Sunday, October 31, 2010

The pepper No. 30

       The Pepper No. 30 is one of Edward Weston’s most popular works. Edward Weston was an American photographer and also the co-founder of Group f/64, a group of seven San Francisco photographers in 20th century sharing a new photographic style of sharp focus and contrast on the contrary of the Pictorialist photographic style in the early 1900s. Weston was born in Highland Park, Illinois on March 24, 1886. After he received his first camera on his sixteenth birthday, his interest in photography was soon blossomed into a passion that he studied photography at Illinois College of Photography and later decided to pursue a career in photography after he moved to California in 1906. In 1922, as a photographer, he started a transition from pictorialism into straight photography, pure photography, that he attempted to depict a scene as realistically and objectively as permitted by the medium, as defined by Group f/64 that “[P]pure photography is defined as possessing no qualities of technique, composition or idea, derivative of any other art form.”After 1927, Weston focused most of his works on still life, nudes and his studies of shells and vegetable. 
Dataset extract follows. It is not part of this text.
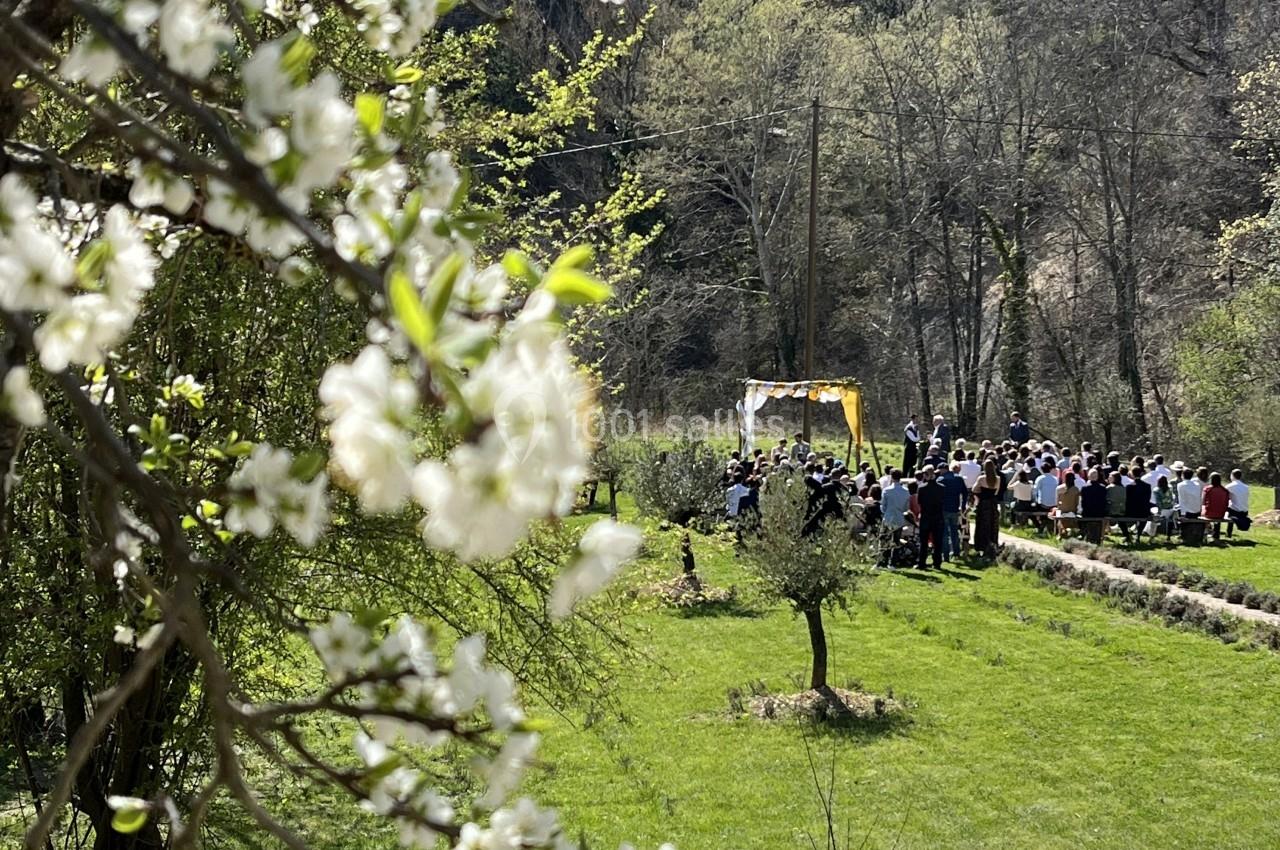 Groupe de personnes rassemblées dans un parc verdoyant, avec des arbres en fleurs au premier plan.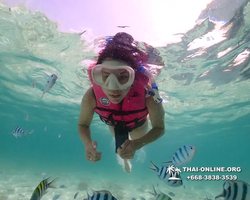 Underwater Odyssey snorkeling tour from Pattaya Thailand photo 18373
       As most of his other works, The Pepper No. 30, a black-and-white photo, was also done using an eight by ten inch view camera. The image contains only one pepper in the middle with dark background, high contrast and sharp edge. Referring to what Weston called a straight photograph, the image appears evenly sharp from foreground to background which this particular style was in opposition to the pictorialist soft-edge methods that were still in fashion at the time. The overall value of this image is dark, but its high contrast highlights the curve contour of the pepper. The image is well balanced, but there is no ground surface for where the pepper was put I could see in the photo. The pepper, I couldn’t tell the color, has a funny shape to me. When I first saw the photo, it looked like a tightly closed mouth and also a first, a boxing gloves. I was amazed by how dramatic this little photograph looks to me. Although it is just a still life photograph of a pepper sitting in the dark background, somehow I could feel an emotion of the pepper. It might be an effect of the expressional shape of the pepper or its dark back ground, the pepper in the photo seems to be angry and about to shout out its anger to me. I was amazed how Weston could find such an emotional pepper or pictured so well that he seemed to give the pepper a spirit and emotion.